> [Problem requirements] The data below is to be transcribed word for word; pictures are to be excluded.

_ _ _ _

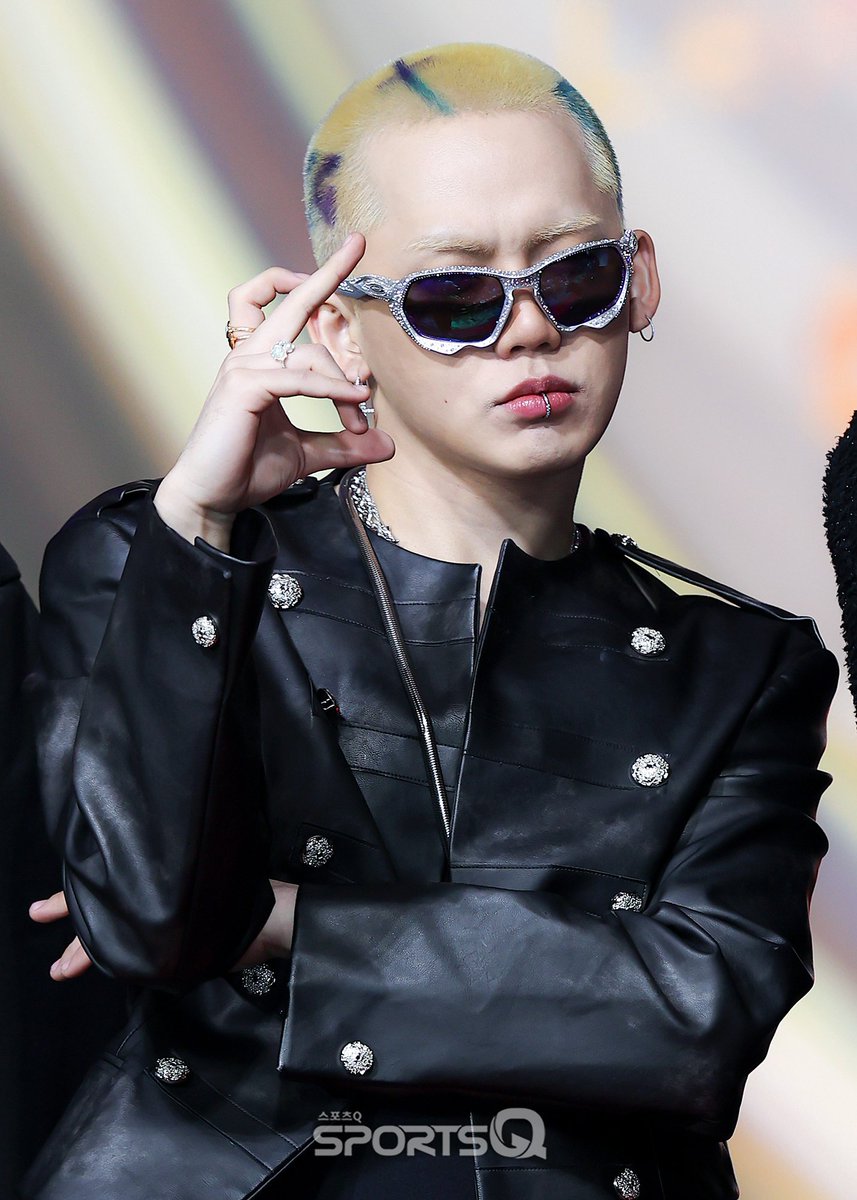 [#포토Q] 251225 ‘최현석’ 2025 SBS 가요대전‘ 레드카펫

📌sportsq.co.kr/news/articleVi…

#최현석 #CHOIHYUNSUK
#TREASURE #트레저 #トレジャー
#2025SBS가요대전 #가요대전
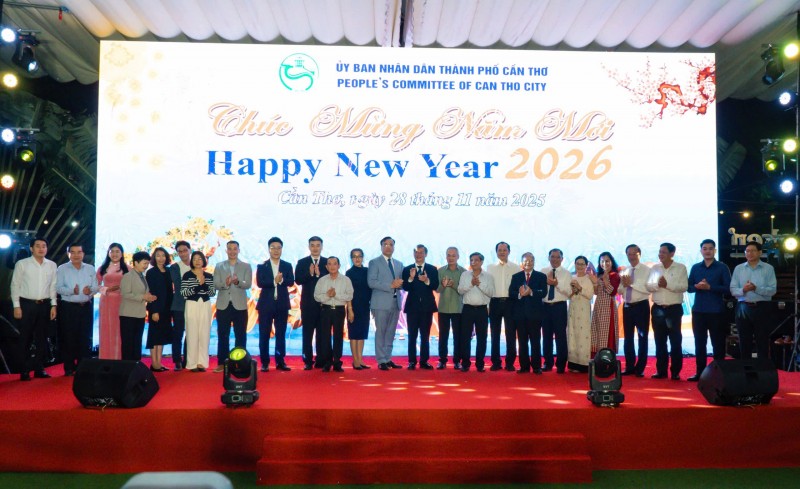 Cần Thơ tổ chức họp mặt mừng năm mới 2026 với bạn bè và đối tác quốc tế Cần Thơ tổ chức họp mặt mừng năm mới 2026 với bạn bè và đối tác quốc tế
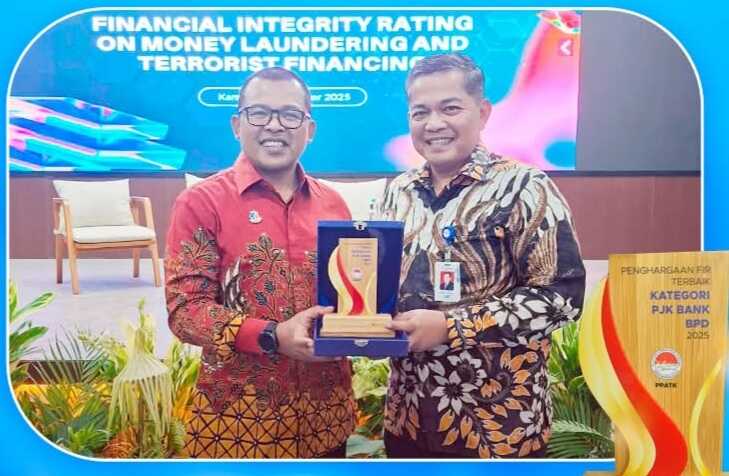 bank-nagari-raih-penghargaan-fir-terbaik-–-kategori-pjk-bank-bpd-2025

_ _ _ _

> [Solved problem]
 [#포토Q] 251225 ‘최현석’ 2025 SBS 가요대전‘ 레드카펫

📌sportsq.co.kr/news/articleVi…

#최현석 #CHOIHYUNSUK
#TREASURE #트레저 #トレジャー
#2025SBS가요대전 #가요대전
 Cần Thơ tổ chức họp mặt mừng năm mới 2026 với bạn bè và đối tác quốc tế Cần Thơ tổ chức họp mặt mừng năm mới 2026 với bạn bè và đối tác quốc tế
 bank-nagari-raih-penghargaan-fir-terbaik-–-kategori-pjk-bank-bpd-2025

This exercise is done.